_Task brief_
In the entries below, repeat only the lines between those holding "smokey-eye-makeup-tutorial-for-brown-eyes-21_3 Smokey eye" and "Infographics collection Design element 45", inclusive. Leave pictures out.

━━━━━ Materials provided

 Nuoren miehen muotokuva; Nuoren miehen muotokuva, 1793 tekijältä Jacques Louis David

━━━━━━━━━━
━━━━━ Materials provided

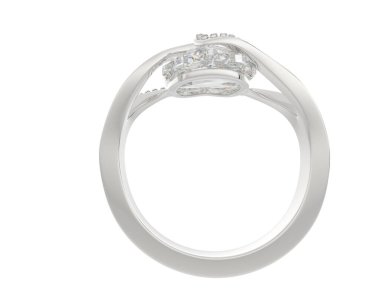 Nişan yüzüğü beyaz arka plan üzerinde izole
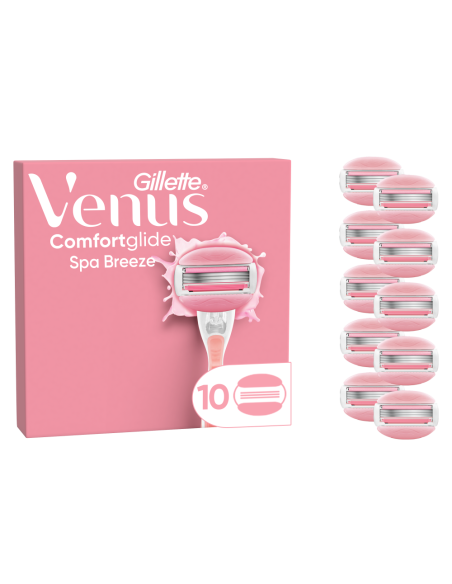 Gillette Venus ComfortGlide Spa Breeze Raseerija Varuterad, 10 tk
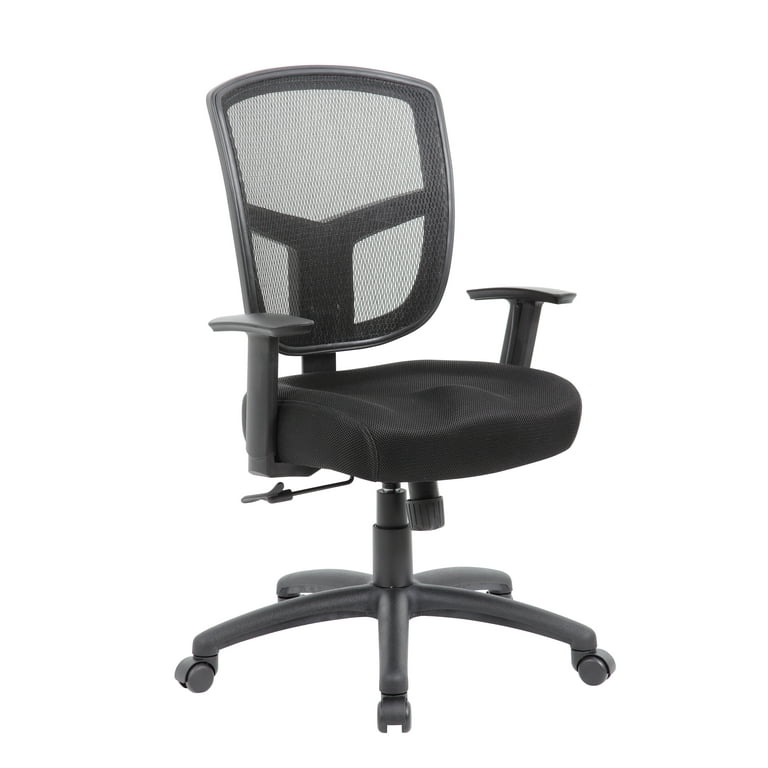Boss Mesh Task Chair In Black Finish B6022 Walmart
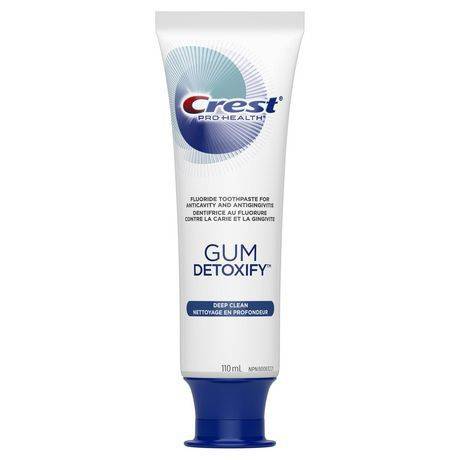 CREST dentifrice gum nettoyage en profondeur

━━━━━━━━━━
━━━━━ Materials provided

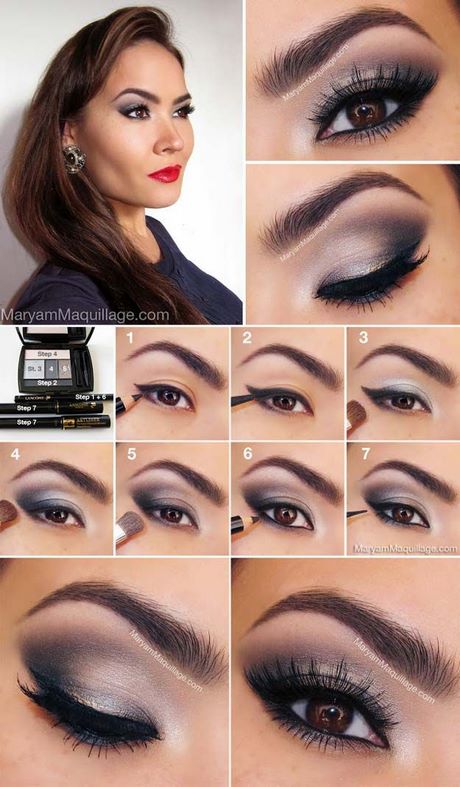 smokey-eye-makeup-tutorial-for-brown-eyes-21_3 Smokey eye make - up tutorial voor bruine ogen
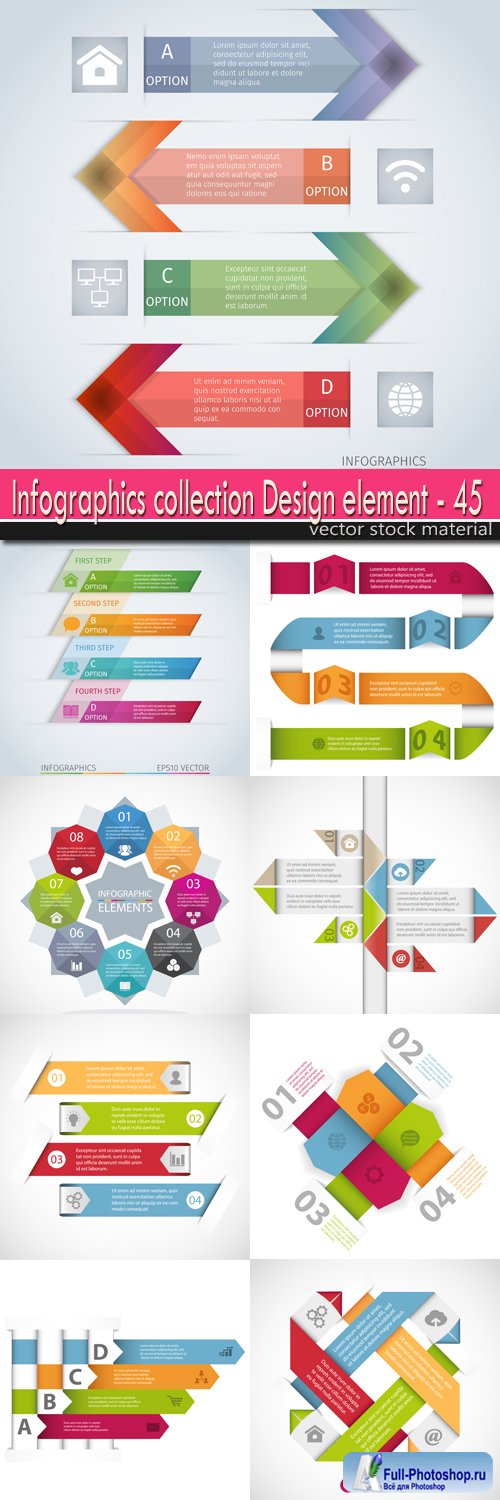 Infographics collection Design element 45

━━━━━━━━━━

_Output of the exercise_
 smokey-eye-makeup-tutorial-for-brown-eyes-21_3 Smokey eye make - up tutorial voor bruine ogen
 Infographics collection Design element 45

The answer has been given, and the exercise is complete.